Joep, el holandés defensor del medioambiente, está ahora en la playa, con una cámara y una tarjeta en la mano: Joep & Anita, dice allí donde aparece señalado el nombre de su mujer, Anita Breedijk, más morena, más aplacada y en este mismo momento tomando sol en la playa.
–Che, che –se preguntan los vecinos de carpa–, ¿hablan en inglés?
Y siguen cada vez más intrigados:
–Che –se codean–, ¿quiénes son?
Y vuelven:
–¿¿¿Son turistas??? ¿Turistas? ¿Les podés preguntar qué hacen en la Argentina?
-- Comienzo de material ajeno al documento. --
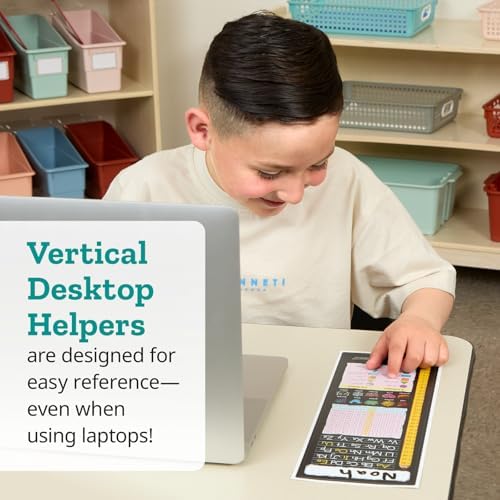 Really Good Stuff Vertical Chalkboard-Style Desktop Helpers, Vinyl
Los Perea y los Selasco son las dos familias que juegan de locales. Ellos mismos no están en Pinamar a desgano, pero son parte de los acorralados que han terminado este verano fronteras adentro: “Somos el caso típico”, dice Teresa Perea, abogada, porteña, con diez años de vacaciones fuera del país, especialmente en el Caribe y algunas veces, aclara, Punta del Este. “Porque, pensando en términos objetivos –dice ahora Roberto–, la verdad, acá hace frío, se nubla, el agua no es como en Brasil. ¿O me equivoco?” La holandesa, en tanto, trata de comprender el idioma. Les habla en inglés, alguno de los locales interpreta, comenta y traduce: “Mmmmm –dice–, claro...” “Y sí –dice por fin–, esto es very barato.” En la síntesis, el intérprete ha descartado varios datos. Además de los precios, los holandeses llegaron para visitar la tierra de una de sus nietas, en el camino optaron por algunos viajes, entre ellos una temporada en la playa. Pensaron en Mar del Plata y la abandonaron por “very grande ciudad”, se decidieron por la geselliana Mar de las Pampas, pero la descartaron por “very pequeño pueblo” y terminaron en Pinamar, donde todo, dicen, es “típicamente argentino”.
Stefanie Ganger, en cambio, es una de las alemanas típicamente alemanas. Turista rutilante, diario personal en mano, literatura de ficción en español, de paso por Pinamar y camino hacia Bolivia en los próximos días. Llegó guiada por quienes en Buenos Aires le hablaron de los lugares habituales de los jóvenes. Preguntó por alojamientos en la Secretaría de Turismo, consultó y recaló en el albergue de estudiantes, lo más barato, dice, 18 pesos la noche: “¿Precios? Caro, muy caro –dice–, pero, claro yo estoy viniendo de Bolivia”. Lleva cuatro meses trabajando en un estudio sobre los pobres más pobres de la tierra. En Pinamar no le interesan los chicos, los ruidos ni esa extraña “forma de chequearte –dice– que tienen los argentinos”. Stefanie no sabe muy bien qué pasa alrededor, ve pasarlas 4 x 4, las mansiones arboladas, los niños con lentes oscuros, la temporada: “Porque es extraño –piensa repasando imágenes mentales–, ¿esto no es parte de Latinoamérica? ¿O me equivoco?”
Tal vez esta ciudad está en otro mapa.